Sorry, this mail is too long...

On Thu, Jun 9, 2011 at 9:20 AM, tora - Takamichi Akiyama <t...@openoffice.org 
<mailto:t...@openoffice.org>> wrote:
    That is why I would like to encourage programmers to take care of the life 
time of data.

I know that that statement is controversial.

On 2011/06/09 18:02, Stephan Bergmann wrote:
First of, I am doubtful that encouraging manual memory management is a good 
idea.  Errors in manual memory management probably are the cause for the vast 
majority of severe failures in C/C++ programs.

Please be noticed that I don't say programmers should need to explicitly call 
memory management related functions such as malloc() or free().

Rather, I would like to suggest thinking of the characteristics of the 
questioned data.

1. Delegation of the responsibility to choose a type of memory allocator
To achieve both stability and performance at the same time, I would like to propose "Don't do 
all of it in the SAL", rather "Delegate certain responsibility to its users, i.e. 
programmers."

Who knows the type of life time of data? SAL does? No. The programmers do.

Life time of data
 (1) data lasting until the soffice.bin quits.
 (2) data lasting until a document is closed.
 (3) data lasting until a current thread ends.
 (4) data lasting until a certain task finishes.
 (5) data lasting until a current function call returns.
 (6) data lasting until a current block ends.

Multithread awareness
 (a) data that is shared with more than one threads.
 (b) data that is used in the only this thread.

Asynchronous awareness
 (i) data that is used in a asynchronously called function such as a signal 
handler.
 (ii) data that is used in a normal function.


2. Potential dead lock
A code for crash reporter has a potential, dead lock problem.
http://hg.services.openoffice.org/DEV300/file/tip/sal/osl/unx/backtrace.c
Asynchronous-unsafe functions such as fprintf() are used in the context of 
signal handler.

Consider this situation:
1. A "Segment violation, aka SEGV" occurs in malloc() or free() due to memory 
corruption. Such a function holds the global mutex lock.
2. The first call of fprintf(), it internally calls malloc() to obtain a memory 
area as a text buffer. Then a dead lock occurs.
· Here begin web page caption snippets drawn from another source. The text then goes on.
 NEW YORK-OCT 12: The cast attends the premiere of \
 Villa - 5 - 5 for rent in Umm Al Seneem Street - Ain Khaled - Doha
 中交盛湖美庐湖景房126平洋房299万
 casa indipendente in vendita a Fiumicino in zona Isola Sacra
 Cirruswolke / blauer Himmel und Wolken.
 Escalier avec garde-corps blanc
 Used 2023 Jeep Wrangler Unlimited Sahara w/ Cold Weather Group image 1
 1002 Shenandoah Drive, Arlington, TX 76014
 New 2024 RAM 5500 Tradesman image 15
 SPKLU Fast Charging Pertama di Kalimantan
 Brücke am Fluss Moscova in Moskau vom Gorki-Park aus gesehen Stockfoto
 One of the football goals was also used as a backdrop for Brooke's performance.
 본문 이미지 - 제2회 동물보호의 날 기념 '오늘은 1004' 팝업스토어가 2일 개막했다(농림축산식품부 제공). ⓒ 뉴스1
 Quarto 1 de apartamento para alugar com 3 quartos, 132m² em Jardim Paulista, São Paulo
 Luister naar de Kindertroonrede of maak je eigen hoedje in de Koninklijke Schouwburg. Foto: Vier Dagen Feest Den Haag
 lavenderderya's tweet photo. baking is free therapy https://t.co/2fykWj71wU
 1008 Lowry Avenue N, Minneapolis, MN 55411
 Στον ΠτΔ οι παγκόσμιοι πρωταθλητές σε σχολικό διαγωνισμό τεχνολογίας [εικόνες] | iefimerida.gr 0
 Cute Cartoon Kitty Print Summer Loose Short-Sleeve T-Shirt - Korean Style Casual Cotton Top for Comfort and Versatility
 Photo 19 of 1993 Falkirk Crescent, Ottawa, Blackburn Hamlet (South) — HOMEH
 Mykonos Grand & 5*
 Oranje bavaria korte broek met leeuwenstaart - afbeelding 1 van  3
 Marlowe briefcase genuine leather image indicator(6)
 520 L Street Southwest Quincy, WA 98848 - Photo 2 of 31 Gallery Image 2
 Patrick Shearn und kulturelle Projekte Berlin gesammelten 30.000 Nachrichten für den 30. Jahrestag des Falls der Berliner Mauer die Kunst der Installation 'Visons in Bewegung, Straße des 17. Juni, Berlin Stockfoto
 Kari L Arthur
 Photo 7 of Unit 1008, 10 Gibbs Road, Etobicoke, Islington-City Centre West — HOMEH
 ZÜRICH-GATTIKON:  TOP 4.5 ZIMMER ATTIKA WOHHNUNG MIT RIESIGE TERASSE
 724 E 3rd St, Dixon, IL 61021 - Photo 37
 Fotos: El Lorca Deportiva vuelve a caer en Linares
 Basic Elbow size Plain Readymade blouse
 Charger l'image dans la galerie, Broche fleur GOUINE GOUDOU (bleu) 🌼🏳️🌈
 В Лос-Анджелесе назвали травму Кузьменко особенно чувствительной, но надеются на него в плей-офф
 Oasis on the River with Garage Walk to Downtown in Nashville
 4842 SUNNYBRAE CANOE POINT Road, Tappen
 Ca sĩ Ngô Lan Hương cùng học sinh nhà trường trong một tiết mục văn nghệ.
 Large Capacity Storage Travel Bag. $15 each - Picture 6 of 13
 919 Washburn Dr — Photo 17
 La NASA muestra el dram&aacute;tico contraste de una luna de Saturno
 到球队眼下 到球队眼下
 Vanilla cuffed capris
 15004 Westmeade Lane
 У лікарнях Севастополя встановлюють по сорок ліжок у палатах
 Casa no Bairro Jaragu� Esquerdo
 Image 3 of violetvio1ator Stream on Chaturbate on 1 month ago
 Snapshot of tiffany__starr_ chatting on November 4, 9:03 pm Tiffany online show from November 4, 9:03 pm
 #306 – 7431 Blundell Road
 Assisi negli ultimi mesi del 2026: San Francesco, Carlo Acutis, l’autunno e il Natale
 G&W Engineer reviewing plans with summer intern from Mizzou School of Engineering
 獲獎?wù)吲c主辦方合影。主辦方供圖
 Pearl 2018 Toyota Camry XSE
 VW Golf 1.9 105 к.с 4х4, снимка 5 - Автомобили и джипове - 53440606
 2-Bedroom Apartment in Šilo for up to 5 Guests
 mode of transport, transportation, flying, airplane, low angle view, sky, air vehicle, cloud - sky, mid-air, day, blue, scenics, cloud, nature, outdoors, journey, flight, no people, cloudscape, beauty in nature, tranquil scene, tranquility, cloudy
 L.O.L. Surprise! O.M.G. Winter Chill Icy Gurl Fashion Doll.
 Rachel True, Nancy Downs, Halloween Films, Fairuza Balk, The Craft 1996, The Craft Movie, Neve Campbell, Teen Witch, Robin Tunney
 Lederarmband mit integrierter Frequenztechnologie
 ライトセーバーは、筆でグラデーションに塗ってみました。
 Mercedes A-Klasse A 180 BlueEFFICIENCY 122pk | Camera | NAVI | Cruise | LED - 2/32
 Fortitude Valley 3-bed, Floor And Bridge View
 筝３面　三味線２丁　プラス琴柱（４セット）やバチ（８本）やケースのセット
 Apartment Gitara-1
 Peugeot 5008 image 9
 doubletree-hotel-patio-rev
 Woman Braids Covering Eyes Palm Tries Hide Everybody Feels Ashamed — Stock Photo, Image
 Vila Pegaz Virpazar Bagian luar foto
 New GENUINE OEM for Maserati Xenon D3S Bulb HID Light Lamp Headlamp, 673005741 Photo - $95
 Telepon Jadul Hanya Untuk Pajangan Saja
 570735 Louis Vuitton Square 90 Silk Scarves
For that topic, I would be posing a question later.


> Hence, I would always try to abstract from actual memory as much as possible. 
 (Performance considerations are of course valid, but they must be balanced 
against safety and maintainability considerations.)

3. Come up with the exciting measures
There in no need to keep relying on the traditional approaches invented in the 
20th century.

With my experiences from 8 bit processor, I certainly believe the programmers' 
awareness of how memory area is treated is the crucial factor to achieve 
performance, safety, and maintainability at the same time.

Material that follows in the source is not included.